Wen sich westliche Gastfamilien als Au Pair wünschen

Viele Angehörige des gut betuchten Bürgertums treten für eine bunte und multireligiöse Gesellschaft ein. Das schlägt sich erstaunlicherweise nicht nieder, wenn es darum geht eine Betreuung für die eigenen Kinder auszuwählen. Als Au-Pair Nanny für die eigenen Kinder bevorzugt man laut Statistk eine weiße Frau aus einem christlichen Land. Das zeigt eine Aufstellung auf der Webseite der Vermittlungsagentur MultiKultur.

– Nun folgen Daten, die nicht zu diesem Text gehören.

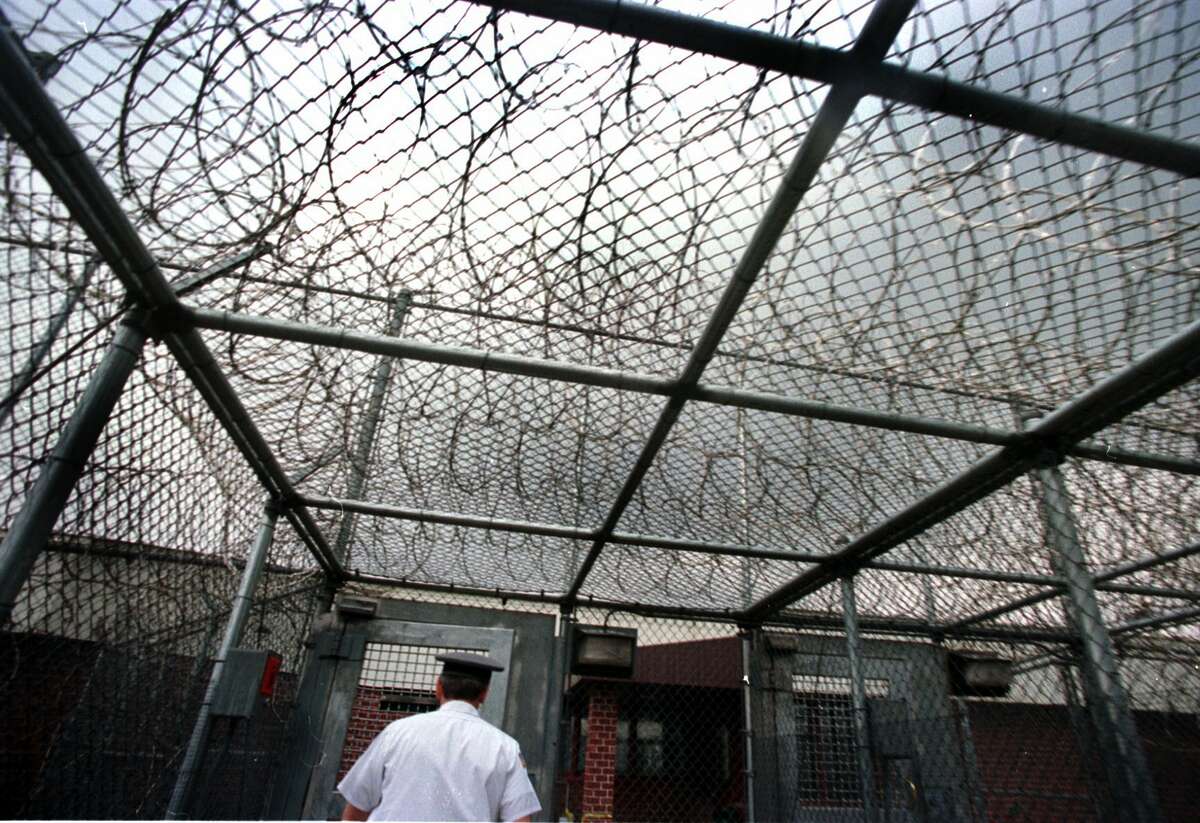 A prison guard passes through the entrance to the prison housing units at the Franklin County Correctional facility in Malone, N.Y. (Steve Jacobs/Times Union archive)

Bei den Nationalitäten, die sich westliche Gastfamilien für ihr Au-Pair-Mädchen wünschen, sind die englischsprachigen Länder England und USA an der Spitze. Weitere beliebte Länder sind Spanien, Frankreich, Italien, Schweden und Dänemark. Unter den Top-10 erwünschtesten Herkunftsländern gibt es kein einziges, das nicht westlich und mehrheitlich weiß ist. Die Daten stammen laut MultiKultur von der internationalen Online-Matching-Agentur Aupair.com.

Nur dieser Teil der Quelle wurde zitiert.